Summary

Training methodology

In short, the recommendation for NVFP4 training is:

Keep a few sensitive linear layers in higher precision (15% of the network, with the majority of high precision layers at the end of the network).
Apply Random Hadamard transforms of size 16×16 to inputs of weight gradient GEMMs.
Use two-dimensional (2D) scaling over 16×16 blocks for weights, and one dimensional scaling over 1×16 blocks for activations and gradients.
Use stochastic rounding for gradients and round-to-nearest-even for weights and activations.

The last layers are kept in high precision
To ensure numerical stability during training, they retain the original precision (e.g., BF16 or FP32) for
- embeddings,
- the output projection head,
- normalization layers, non-linearities
- attention components, including softmax and the query-key and attention score-value batched GEMMs.
The main weights (stored by the optimizer), weight gradients (used for gradient accumulation across microbatches and across data-parallel replicas), and optimizer states are also kept in FP32.
Tensor parallel reductions are performed in BF16 precision.

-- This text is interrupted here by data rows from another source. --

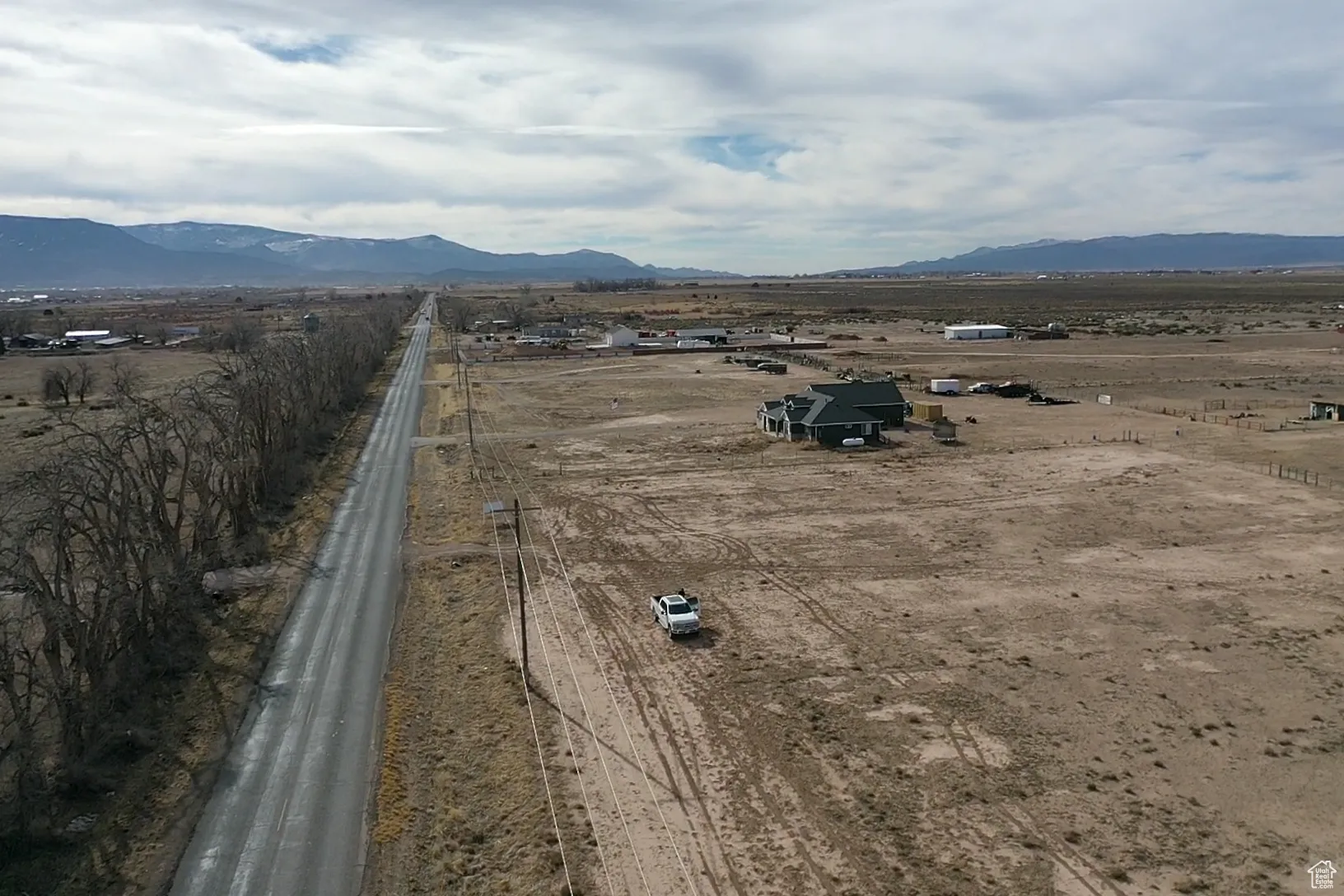 Drone / aerial view with a mountain view and a rural view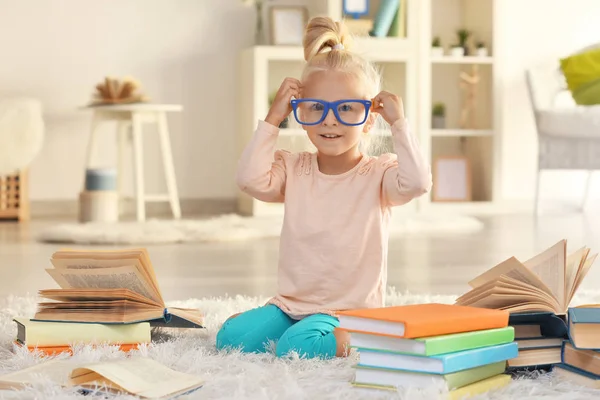 Menina pequena em óculos com muitos livros no tapete — Fotografia de Stock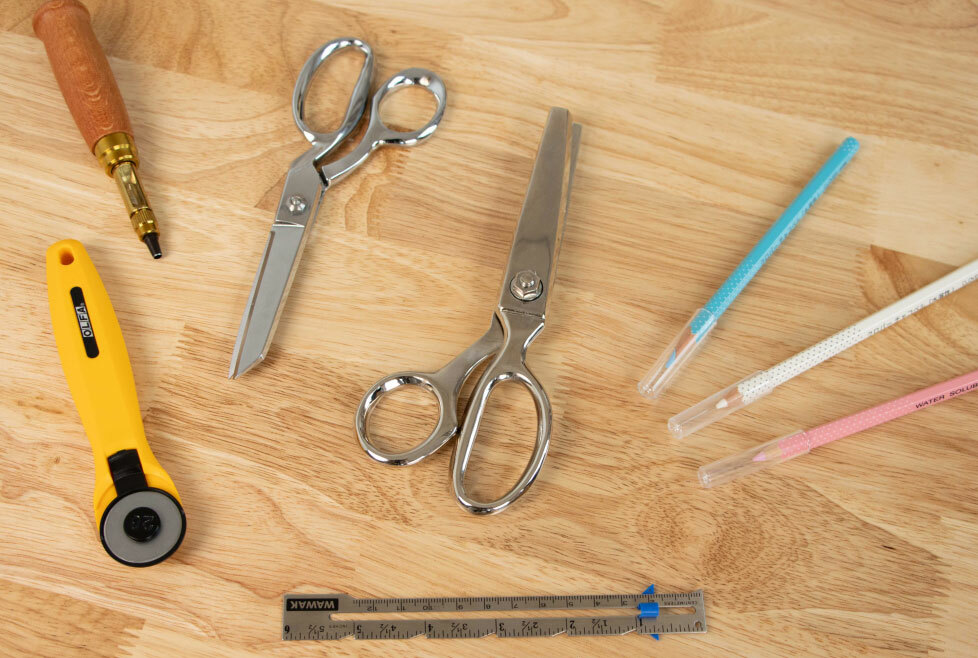image-06: Collection of high-quality sewing tools laid out on a table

Although linear layers are typically computed in narrower precisions, we observe that some linear layers are more sensitive to FP4 than others.
In particular, training diverges when every linear layer is quantized to FP4
Based on tensor analysis, they observe the last layers tend to have larger quantization errors in the weight gradients (i.e., Wgrad output from its inputs being FP4).
Quantization error metrics could potentially serve as a mechanism to determine which linear layers should remain in higher precision during training.

GEMM operations consume FP4 tensors as inputs and produce outputs in BF16 or FP32.